The original thinking 🧠🐣 behind GenericWeb was to build a poor-man’s version of Microsoft Index Server (released in August 1996) that could also personalize Web analytics reporting, based on breaking down a website into user-defined ‘segments.’ GenericWeb, by the way, was ‘sold’ to UCLA Medical Center Computing Services in the late 1990s when I was consultant-turned-employee.

does your “Studio” not recognize the NoSQL database?

Notice how the section above (“#obtaining the Document extract”) makes no mention of the NoSQL database. No MongoDB? No LiteDB? The explanation for this ignorance can only be more ignorance—and it starts with this 💸 ignorant statement: this Studio does not need NoSQL technologies because there is no need to collect arbitrary shapes of data from “customers” all over the world.
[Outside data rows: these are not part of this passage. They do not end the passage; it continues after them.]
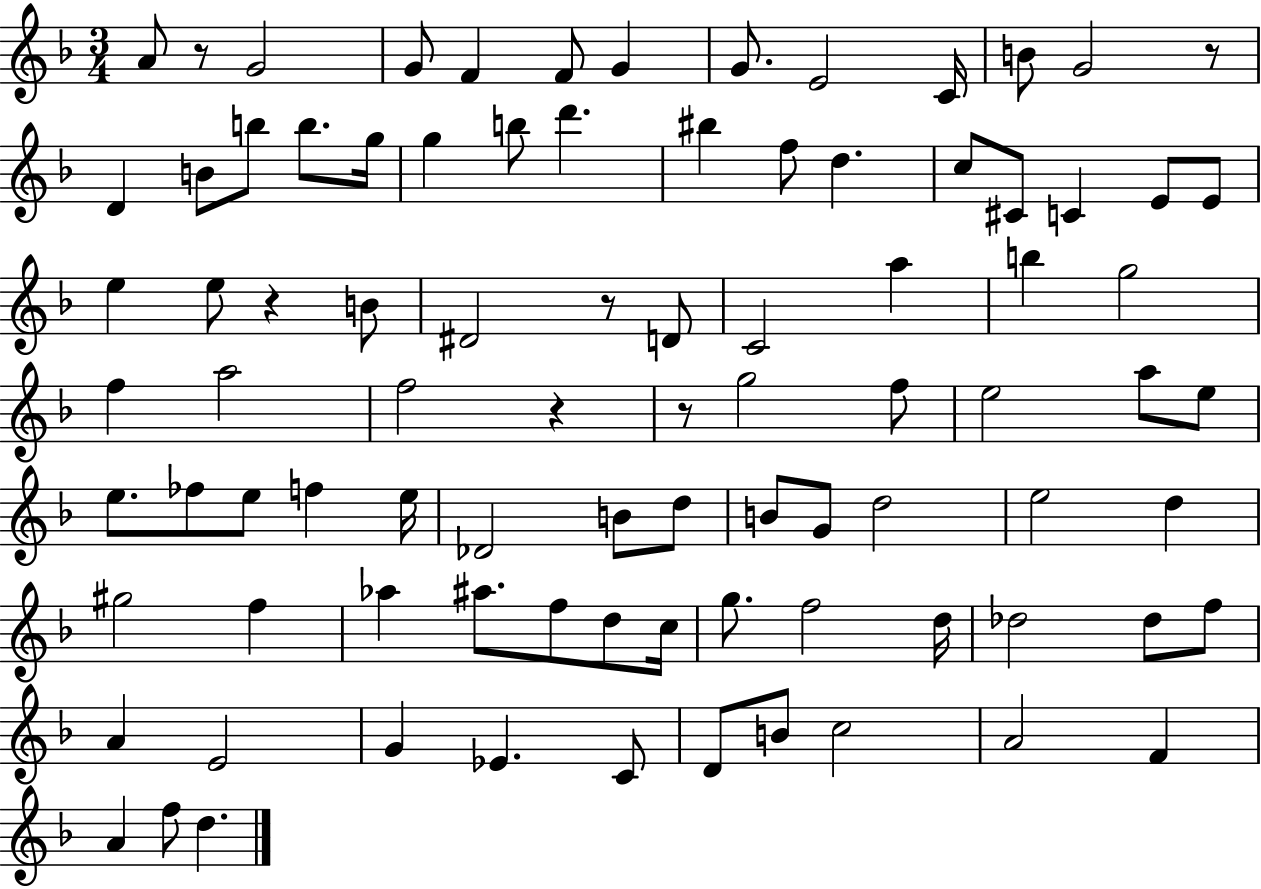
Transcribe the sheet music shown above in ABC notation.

X:1
T:Untitled
M:3/4
L:1/4
K:F
A/2 z/2 G2 G/2 F F/2 G G/2 E2 C/4 B/2 G2 z/2 D B/2 b/2 b/2 g/4 g b/2 d' ^b f/2 d c/2 ^C/2 C E/2 E/2 e e/2 z B/2 ^D2 z/2 D/2 C2 a b g2 f a2 f2 z z/2 g2 f/2 e2 a/2 e/2 e/2 _f/2 e/2 f e/4 _D2 B/2 d/2 B/2 G/2 d2 e2 d ^g2 f _a ^a/2 f/2 d/2 c/4 g/2 f2 d/4 _d2 _d/2 f/2 A E2 G _E C/2 D/2 B/2 c2 A2 F A f/2 d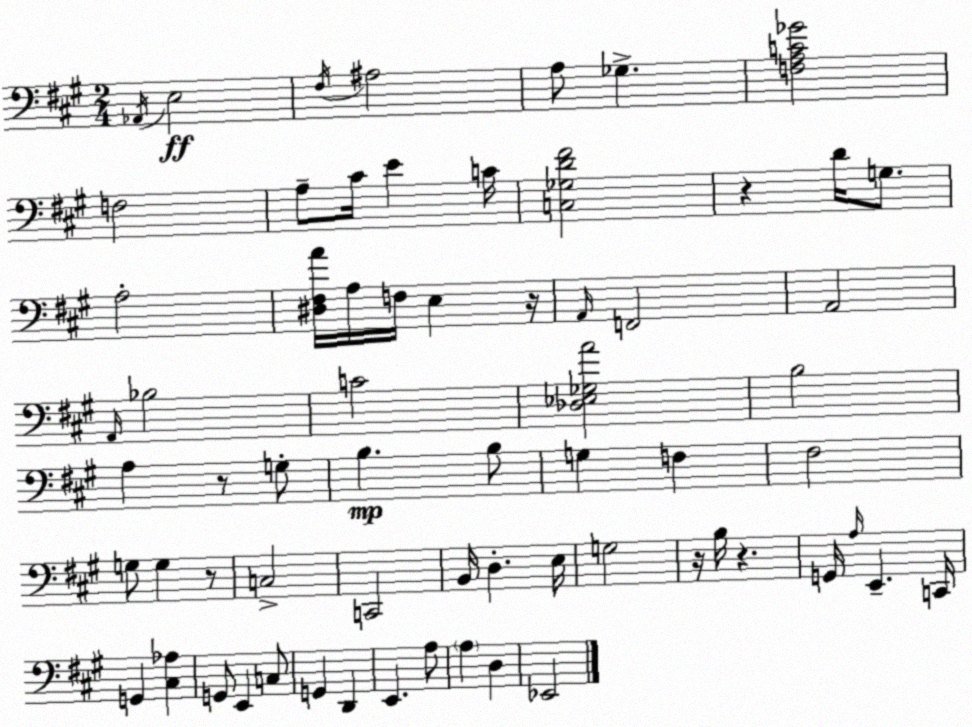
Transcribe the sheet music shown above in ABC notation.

X:1
T:Untitled
M:2/4
L:1/4
K:A
_A,,/4 E,2 ^F,/4 ^A,2 A,/2 _G, [F,A,C_G]2 F,2 A,/2 ^C/4 E C/4 [C,_G,D^F]2 z D/4 G,/2 A,2 [^D,^F,A]/4 A,/4 F,/4 E, z/4 A,,/4 F,,2 A,,2 A,,/4 _B,2 C2 [_D,_E,_G,A]2 B,2 A, z/2 G,/2 B, B,/2 G, F, ^F,2 G,/2 G, z/2 C,2 C,,2 B,,/4 D, E,/4 G,2 z/4 B,/4 z G,,/4 A,/4 E,, C,,/4 G,, [^C,_A,] G,,/2 E,, C,/2 G,, D,, E,, A,/2 A, D, _E,,2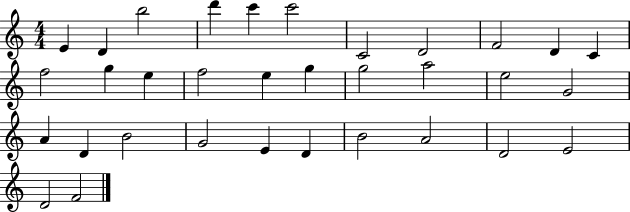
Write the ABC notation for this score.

X:1
T:Untitled
M:4/4
L:1/4
K:C
E D b2 d' c' c'2 C2 D2 F2 D C f2 g e f2 e g g2 a2 e2 G2 A D B2 G2 E D B2 A2 D2 E2 D2 F2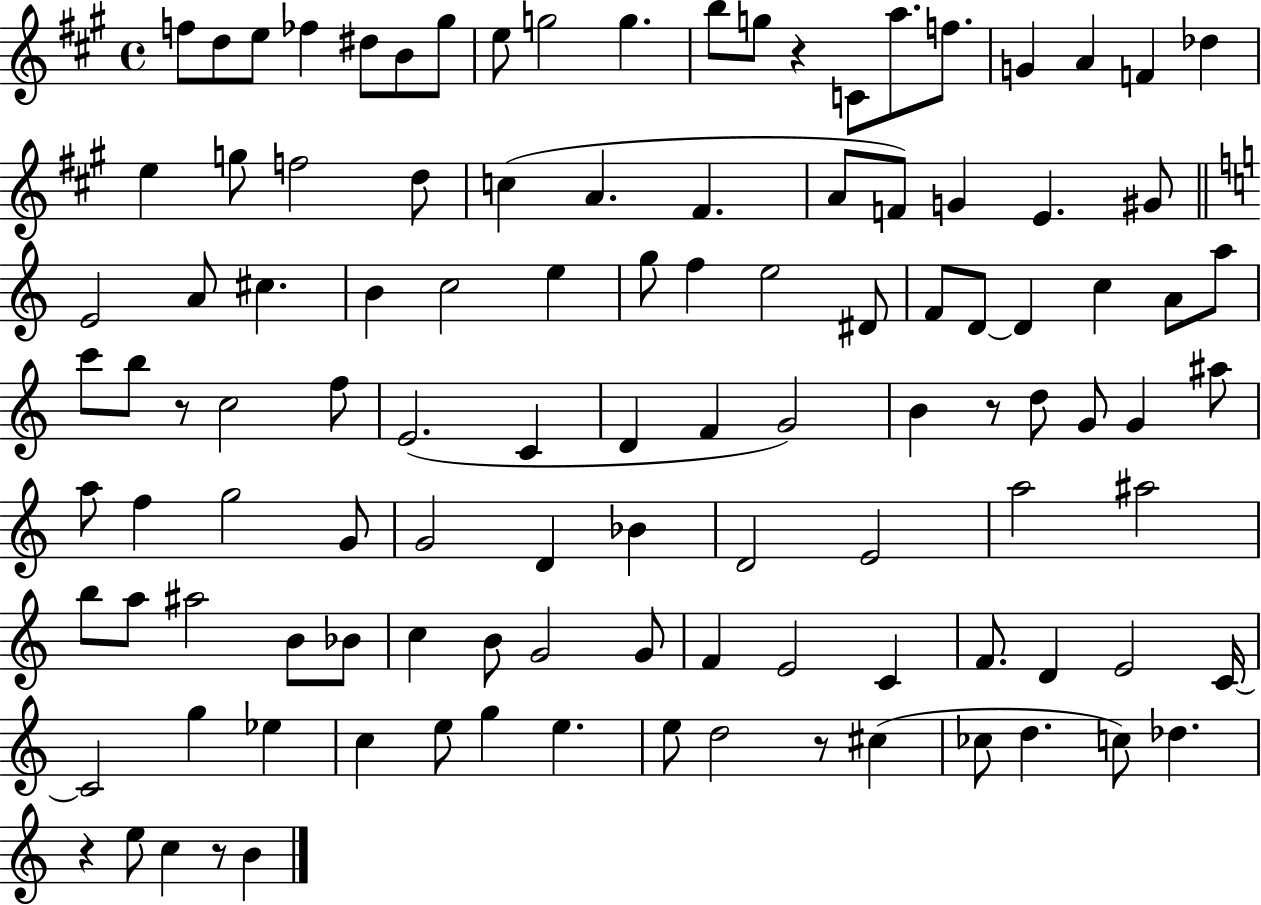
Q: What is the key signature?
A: A major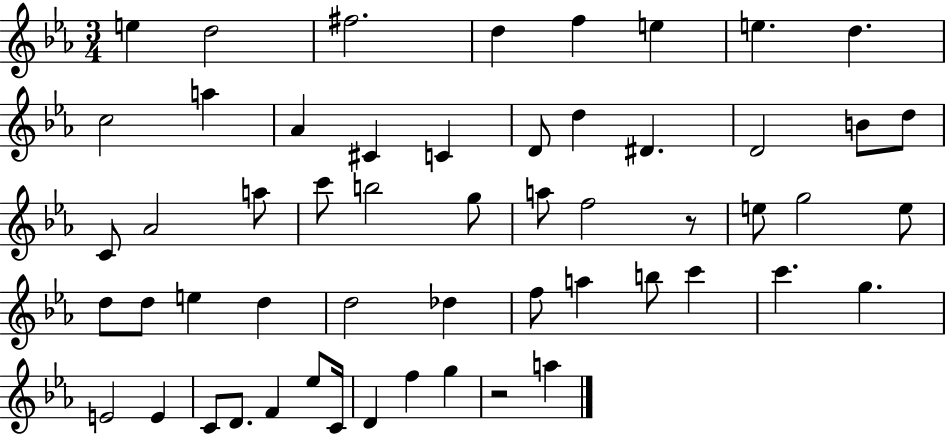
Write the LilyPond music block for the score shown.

This Studio is currently focused on read-only-mostly solutions for publishing which is different from read-write solutions for advertising-based “engagement” 💸

What is ignorant of this Studio—and also embarrassing for this Studio—is the lack of a solid distributed cache support (like Azure Cache for Redis) and the lack of years of experience with CDN products. Working on these world-dominating things have a higher priority than developing a better understanding of NoSQL tech.

spending decades building ‘Power User workflows’ means being doomed to loneliness 😐

Since the turn of the century, there has been a social-media side to being a software developer. And well before GitHub there was the social engineering required for the many MVP programs sponsored by multi-national corporations.

The work being done here is rather sprawling, delayed (by years often) and was never popular in the first place. My use of the world sprawling is meant to take the glamour out of the word “interdisciplinary”: the crossing of C♯ and F♯ with a focus on building something like the Quark Publishing System or maybe something like AppleScript entwined around Adobe FrameMaker sounds archaic, misplaced and bizarre to most socially adept tech folks.

Even the promise of introducing more user-friendly GUI-based tools (before 2030 😆) will only make my work rise to the level of a modicum of fame around command-line wrappers like Handbrake (because that is all I plan to build: command-line wrappers around Songhay Activity assemblies). So, earlier, I got rid of the money 💸and now am ridding myself of fame 👻

I am just a guy that started writing macros in Microsoft Word and somehow ended up here 👴 building digital tools for a small publishing house: this Studio. That sounds okay to me!